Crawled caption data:
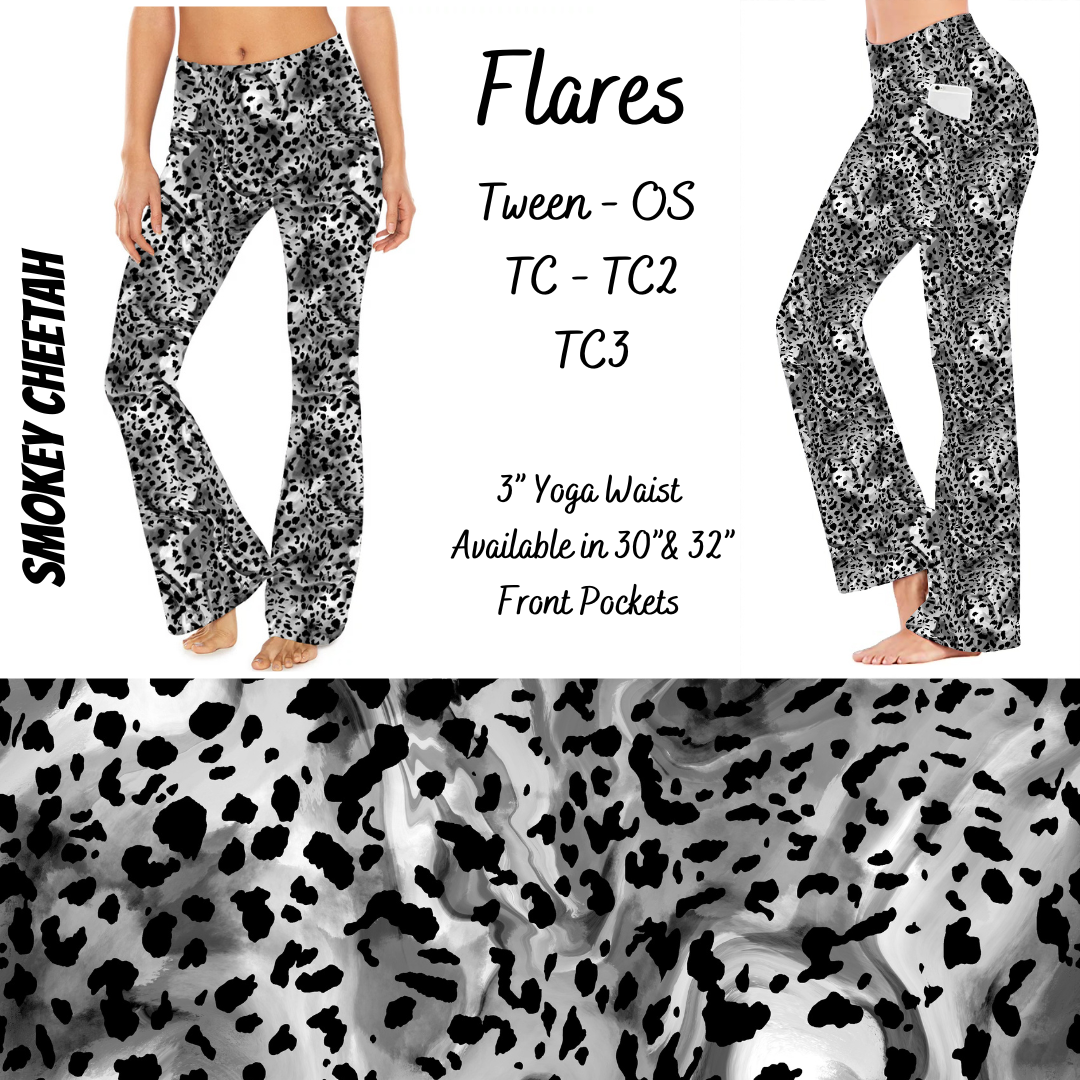 Smokey Cheetah - Yoga Flares with Pockets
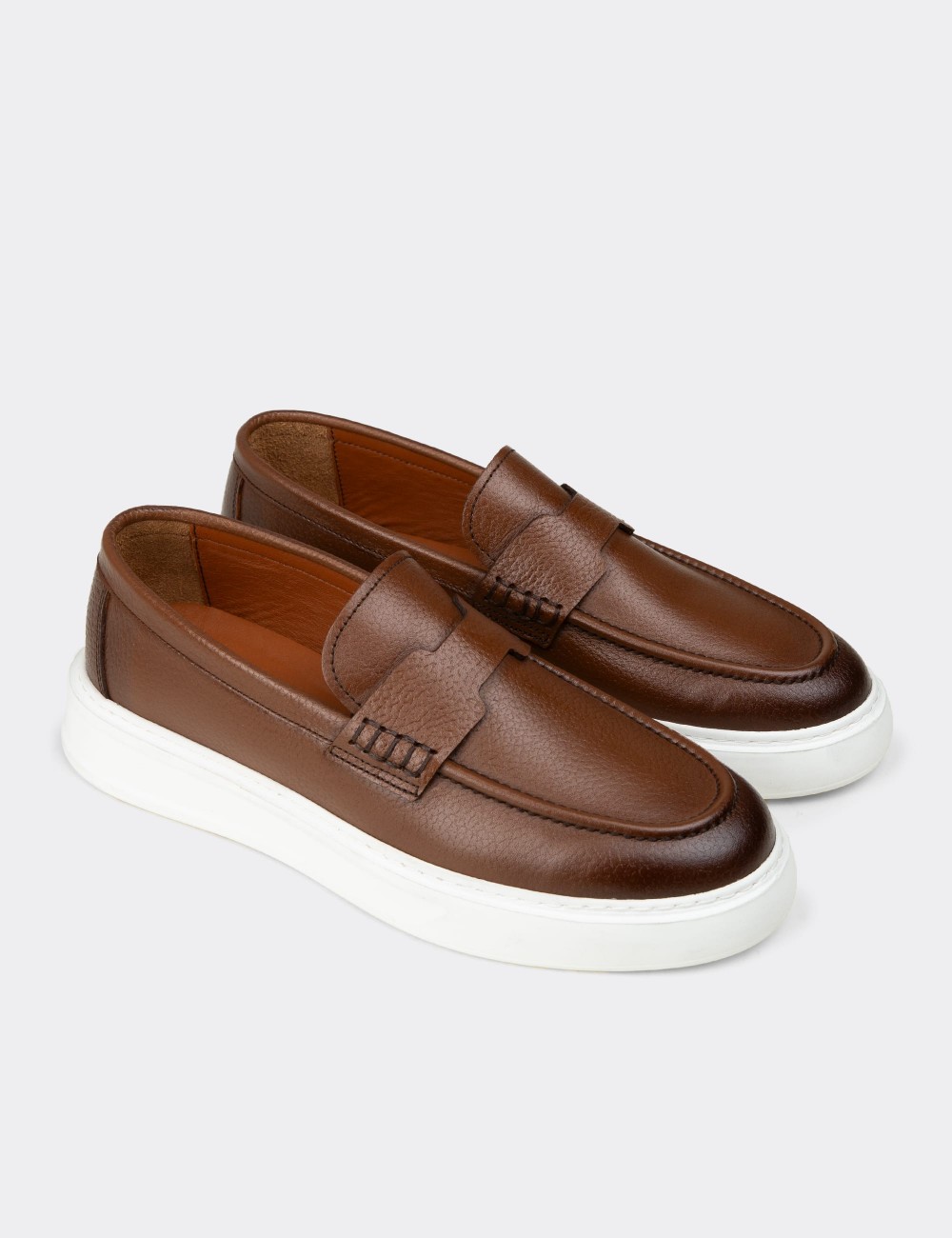 Men's Tan Leather Loafers - 02043MTBAP01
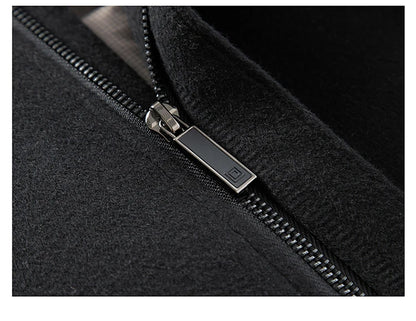 Abrigo largo de lana para hombre COMXZ, colección invierno 2025, gabardina de cachemir de diseño, chaqueta con capucha y forro de plumón de pato blanco, abrigo de lana de lujo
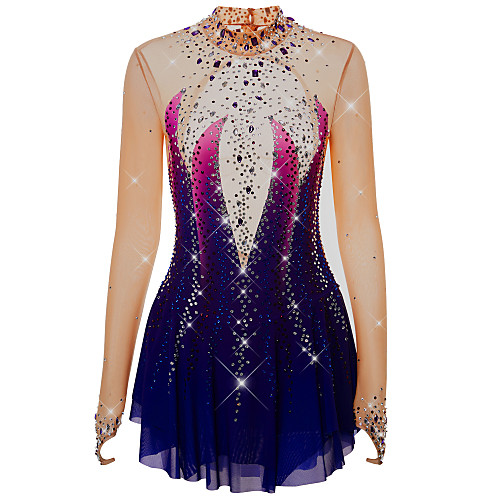 

Figure Skating Dress Women's Girls' Ice Skating Dress Purple Red Yellow Halo Dyeing Spandex High Elasticity Competition Skating Wear Warm Handmade Jeweled Rhinestone Long Sleeve Ice Skating Figure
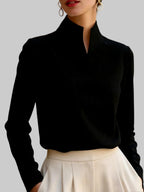 Elia - Women's Split V-Neck Long Sleeve Tailored Blouse 4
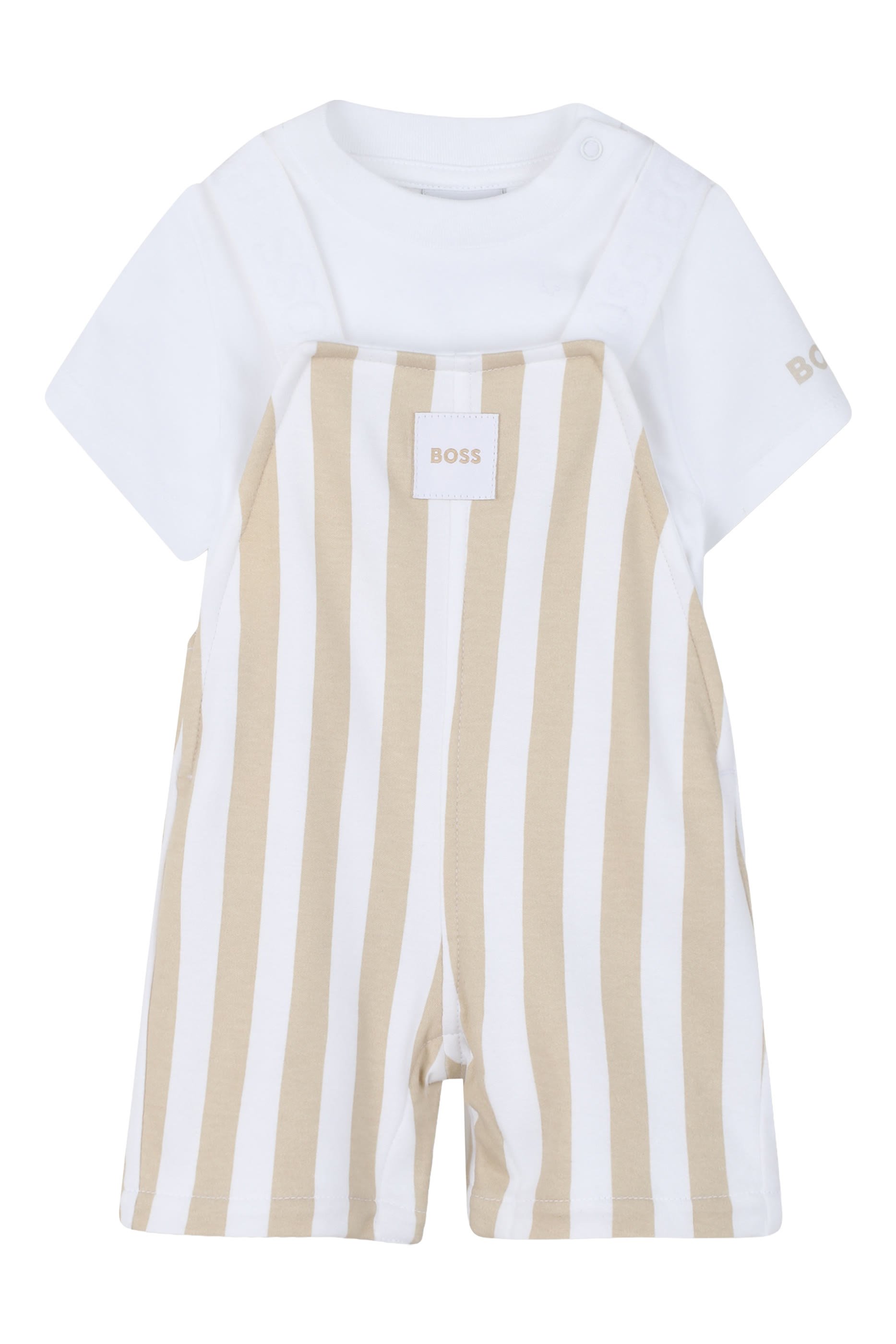 Kids Logo Stripes T-Shirt and Dungarees Set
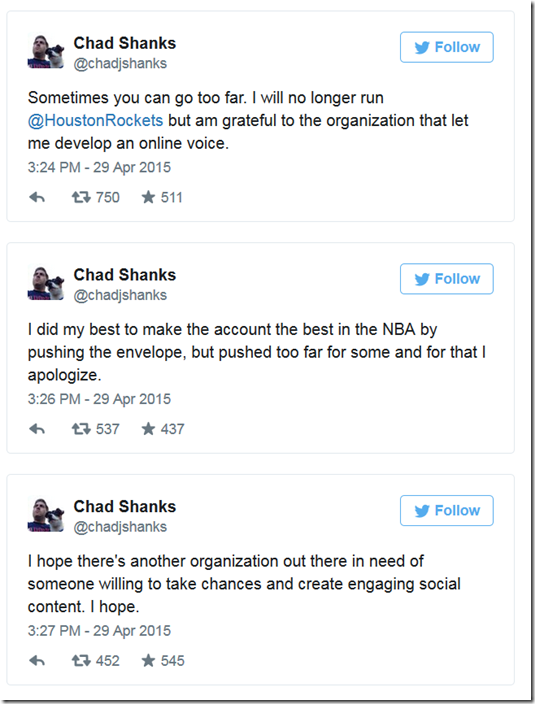 Chad Shanks Apology Tweets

**Problem**. Starting at the line that contains "Figure Skating Dress", write out every line through the end of the entries, both ends included, without any pictures.

**Written solution**.
Figure Skating Dress Women's Girls' Ice Skating Dress Purple Red Yellow Halo Dyeing Spandex High Elasticity Competition Skating Wear Warm Handmade Jeweled Rhinestone Long Sleeve Ice Skating Figure
 Elia - Women's Split V-Neck Long Sleeve Tailored Blouse 4
 Kids Logo Stripes T-Shirt and Dungarees Set
 Chad Shanks Apology Tweets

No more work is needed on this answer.